By Lawrence Wilson, MD
© October 2011, The Center For Development

Menopause is the cessation of the menstrual period in women. It occurs when the female hormone levels drop below a critical value needed to produce the normal cycle of ovulation and menstruation. It is not due to running out of eggs, as some authorities claim.
It occurs between the ages of 45 and 55 in many women. At times, it occurs much earlier. This is a sign of ill health in almost all cases. Occasionally it is due to stress, such as deficient diets, vegetarian diets, or too much exercise.

Menopause is not a disease and should not cause symptoms. If a woman has symptoms, they can be corrected with a nutritional balancing program in most cases rather easily and quickly. DO NOT USE hormone replacement therapy or products such as Amberen. These are toxic and somewhat dangerous in all cases. These remedies are discussed in more detail below.

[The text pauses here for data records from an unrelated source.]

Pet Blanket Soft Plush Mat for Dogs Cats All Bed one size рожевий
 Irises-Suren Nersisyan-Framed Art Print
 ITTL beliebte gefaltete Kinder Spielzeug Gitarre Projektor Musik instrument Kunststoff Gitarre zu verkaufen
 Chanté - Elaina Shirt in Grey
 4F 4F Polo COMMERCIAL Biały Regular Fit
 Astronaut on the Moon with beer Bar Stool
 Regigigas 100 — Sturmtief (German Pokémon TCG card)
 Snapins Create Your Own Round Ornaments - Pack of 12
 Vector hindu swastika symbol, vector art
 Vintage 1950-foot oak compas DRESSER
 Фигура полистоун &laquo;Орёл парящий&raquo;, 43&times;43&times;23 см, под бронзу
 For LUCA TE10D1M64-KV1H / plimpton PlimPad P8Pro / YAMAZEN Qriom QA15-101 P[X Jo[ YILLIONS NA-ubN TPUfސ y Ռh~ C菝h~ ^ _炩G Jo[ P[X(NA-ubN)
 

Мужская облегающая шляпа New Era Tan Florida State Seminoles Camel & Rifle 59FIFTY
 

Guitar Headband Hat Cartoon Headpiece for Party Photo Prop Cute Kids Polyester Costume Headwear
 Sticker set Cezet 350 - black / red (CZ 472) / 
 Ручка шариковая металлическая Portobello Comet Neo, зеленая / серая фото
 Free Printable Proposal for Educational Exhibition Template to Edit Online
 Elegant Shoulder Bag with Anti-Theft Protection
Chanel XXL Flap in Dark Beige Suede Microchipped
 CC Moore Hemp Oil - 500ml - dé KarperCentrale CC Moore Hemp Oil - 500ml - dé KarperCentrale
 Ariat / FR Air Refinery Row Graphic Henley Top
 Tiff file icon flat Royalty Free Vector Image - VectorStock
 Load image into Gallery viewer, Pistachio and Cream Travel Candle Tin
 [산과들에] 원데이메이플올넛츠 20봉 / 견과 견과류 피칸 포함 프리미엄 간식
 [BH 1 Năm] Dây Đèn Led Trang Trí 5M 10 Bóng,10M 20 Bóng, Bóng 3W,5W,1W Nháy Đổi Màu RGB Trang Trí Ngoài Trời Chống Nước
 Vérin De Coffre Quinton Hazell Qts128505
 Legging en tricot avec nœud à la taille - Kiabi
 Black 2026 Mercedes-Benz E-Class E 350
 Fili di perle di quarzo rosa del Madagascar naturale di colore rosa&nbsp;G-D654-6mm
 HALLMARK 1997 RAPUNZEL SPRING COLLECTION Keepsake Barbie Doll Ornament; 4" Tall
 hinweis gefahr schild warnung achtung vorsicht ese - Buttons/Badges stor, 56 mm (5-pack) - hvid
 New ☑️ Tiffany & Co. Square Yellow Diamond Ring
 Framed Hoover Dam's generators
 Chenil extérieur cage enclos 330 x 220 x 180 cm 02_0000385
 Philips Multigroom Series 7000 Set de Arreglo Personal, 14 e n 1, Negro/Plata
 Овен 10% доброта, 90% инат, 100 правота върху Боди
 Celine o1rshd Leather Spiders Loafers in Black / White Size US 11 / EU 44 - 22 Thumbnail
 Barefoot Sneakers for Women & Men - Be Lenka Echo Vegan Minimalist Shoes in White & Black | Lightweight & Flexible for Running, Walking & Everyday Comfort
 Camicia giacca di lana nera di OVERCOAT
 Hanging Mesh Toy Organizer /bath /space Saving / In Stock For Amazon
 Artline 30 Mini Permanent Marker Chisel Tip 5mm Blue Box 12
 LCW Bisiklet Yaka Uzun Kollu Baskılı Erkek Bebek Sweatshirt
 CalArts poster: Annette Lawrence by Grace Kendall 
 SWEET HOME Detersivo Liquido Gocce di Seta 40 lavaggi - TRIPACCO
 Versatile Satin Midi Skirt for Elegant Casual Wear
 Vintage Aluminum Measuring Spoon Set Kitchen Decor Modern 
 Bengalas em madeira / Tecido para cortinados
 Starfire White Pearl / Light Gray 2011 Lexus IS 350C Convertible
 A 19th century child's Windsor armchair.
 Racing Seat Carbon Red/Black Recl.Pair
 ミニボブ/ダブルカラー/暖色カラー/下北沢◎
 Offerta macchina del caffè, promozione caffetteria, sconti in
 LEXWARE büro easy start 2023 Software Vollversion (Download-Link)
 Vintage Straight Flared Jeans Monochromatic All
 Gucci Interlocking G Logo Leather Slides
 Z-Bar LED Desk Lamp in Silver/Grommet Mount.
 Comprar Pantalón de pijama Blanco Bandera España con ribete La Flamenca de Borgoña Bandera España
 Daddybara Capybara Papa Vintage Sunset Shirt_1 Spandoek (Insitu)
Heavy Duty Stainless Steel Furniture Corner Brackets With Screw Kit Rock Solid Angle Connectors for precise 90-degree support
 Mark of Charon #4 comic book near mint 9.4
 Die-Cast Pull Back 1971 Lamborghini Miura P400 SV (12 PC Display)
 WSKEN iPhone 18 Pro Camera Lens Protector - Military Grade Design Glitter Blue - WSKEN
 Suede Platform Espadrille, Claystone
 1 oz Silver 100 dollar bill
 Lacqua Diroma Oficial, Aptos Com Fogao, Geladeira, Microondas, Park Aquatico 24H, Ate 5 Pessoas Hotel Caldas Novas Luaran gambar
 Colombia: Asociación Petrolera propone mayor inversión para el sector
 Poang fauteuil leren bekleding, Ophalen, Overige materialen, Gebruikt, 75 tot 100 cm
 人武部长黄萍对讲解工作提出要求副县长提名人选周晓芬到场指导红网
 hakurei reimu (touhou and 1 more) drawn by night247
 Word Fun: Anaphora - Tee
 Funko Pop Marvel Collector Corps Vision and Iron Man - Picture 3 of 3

Menopause should occur without difficulties if the adrenal and thyroid glands function normally. In fact, it should be a time of great joy, ease and even relief for women who have been concerned with unwanted pregnancy or perhaps plagued by symptoms related to premenstrual tension, heavy menstrual bleeding, or other symptoms.

However, if the adrenal and thyroid glands are not functioning well, many women experience hot flashes, fatigue, irritability, depression and perhaps some vaginal dryness at menopause. Also, their risk for osteoporosis and some cancers increases.
None of these symptoms or diseases are inevitable, and they can all be handled without using toxic or dangerous hormones, drugs, or herbal products such as Amberen, black cohosh, and other herbal products.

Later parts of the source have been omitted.